How to plant rosemary?
Set out rosemary in spring, planting seedlings 2 to 3 feet apart; you can also plant in fall in zone 8 and south. Plants are slow growing at first, but pick up speed in their second year. While rosemary tolerates partial shade, it prefers full sun and light, well-drained soil with a pH between 6 and 7. More can be found on the amazing Bonnie Plants website. Be sure to check it out. I’ll be adding more tips soon as well.
Rosemary is an evergreen perennial with gray-green needlelike leaves, and pale or dark blue, purple, pink or white flowers. It has a distinctive aroma. Most forms are bushy and rosemary can be used for formal hedging and even topiary in some clients. In zones 6 and lower rosemary will not survive the harsh winters and must be brought inside for the winter.
How to grow
Rosemary can be raised from seed but it will take a long time and the chanced for success are low. Ready grown plants or transplanting cuttings is the most efficient way.

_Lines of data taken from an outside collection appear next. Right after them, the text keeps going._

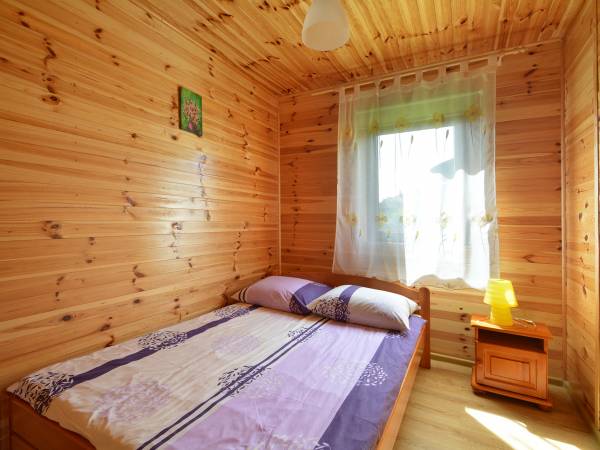 Sypialnia w domku letniskowym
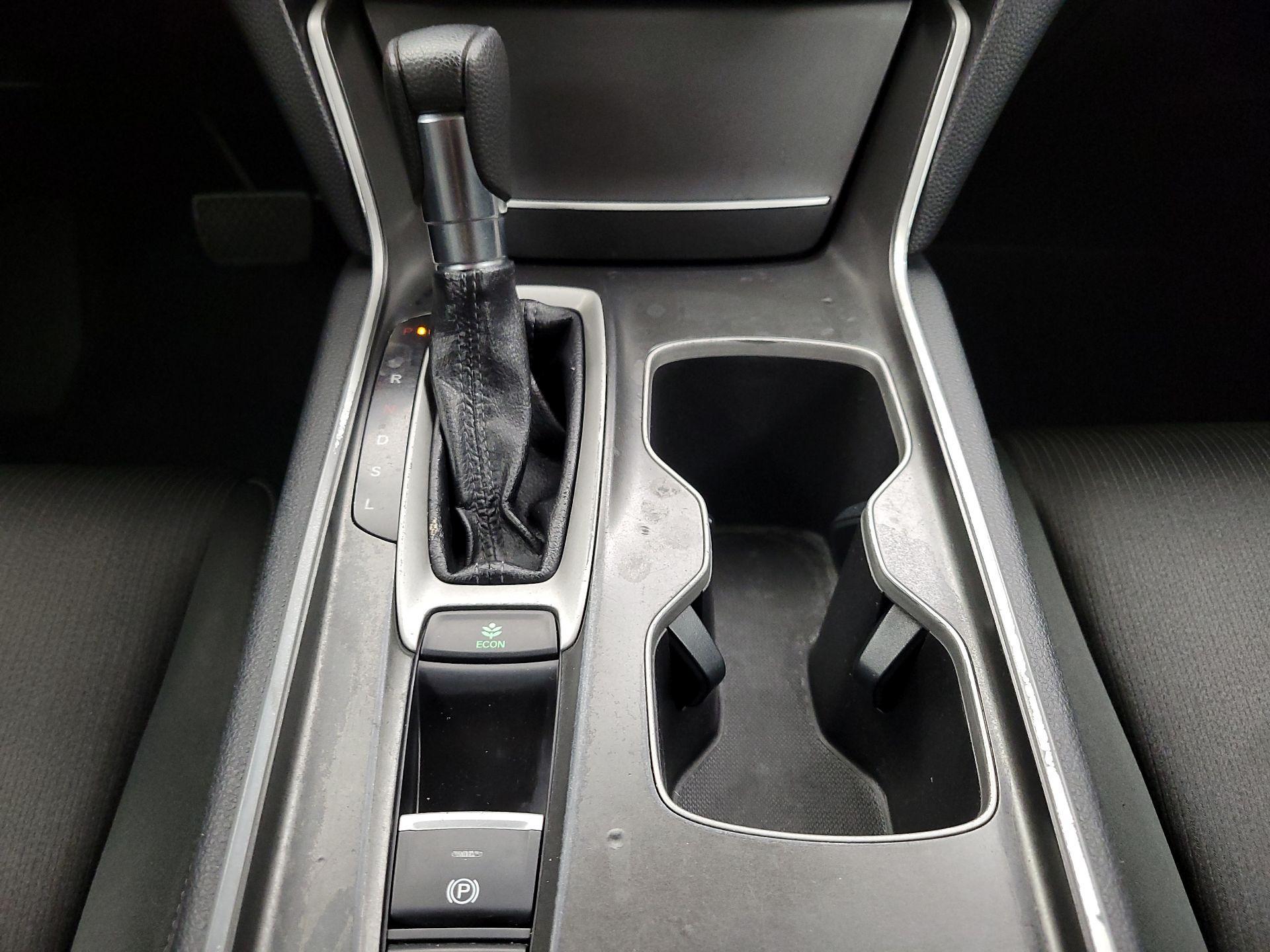 Thumbnail: 2018 Honda Accord - 17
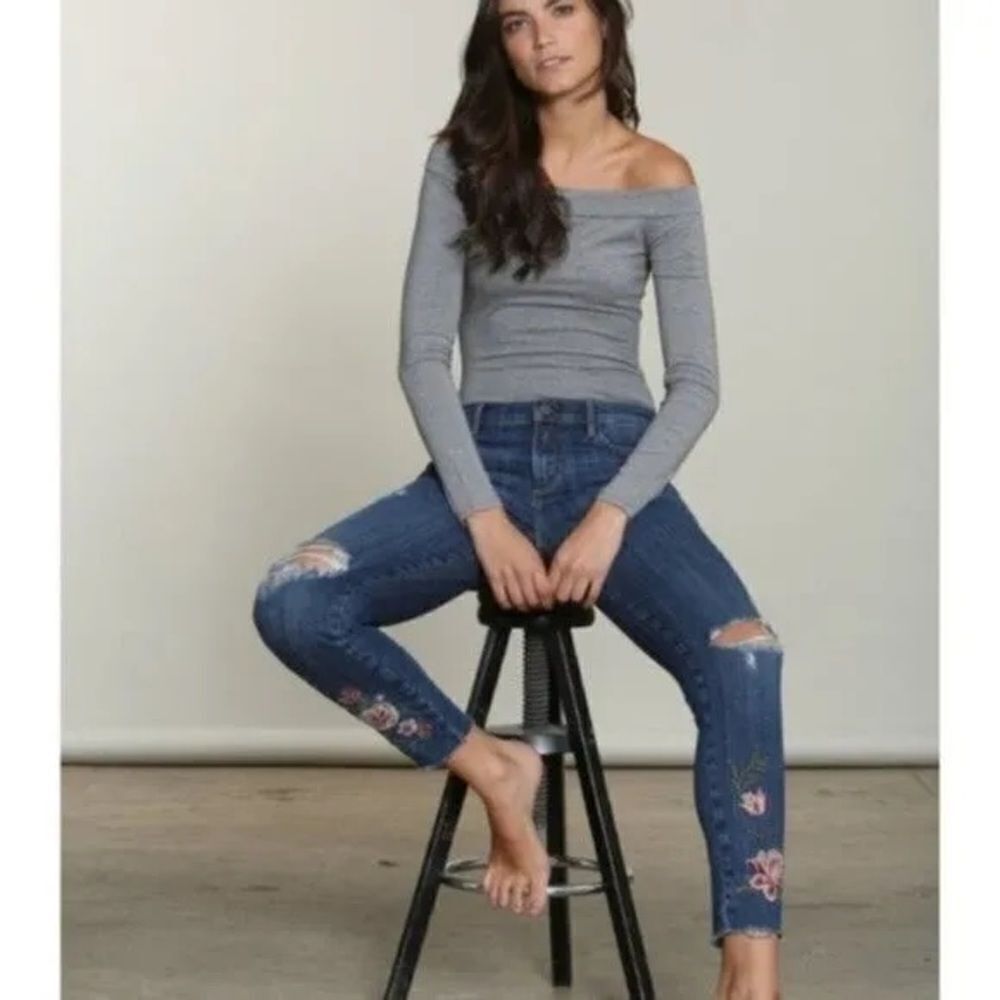 ✨Driftwood Rosalee Floral Distressed Jackie Jeans✨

Provide it with plenty of warmth and sunshine and do not overwater. Prune in spring.
What do I do with all that rosemary?
First, you have to remove the leaves from the woody stems. Hold a sprig upright with one hand, then pull the leaves downward against the direction of growth. Pull away the remaining top leaves separately. Put the leaves in a pile, rock your knife across them, and occasionally bring them back into a pile.
Rosemary can be used in a variety different ways. I use it to cook meat and poultry and to make soups and stews. And what can be better than rosemary infused oil with baked garlic and parmesan cheese for dipping a piece of freshly-baked ciabatta?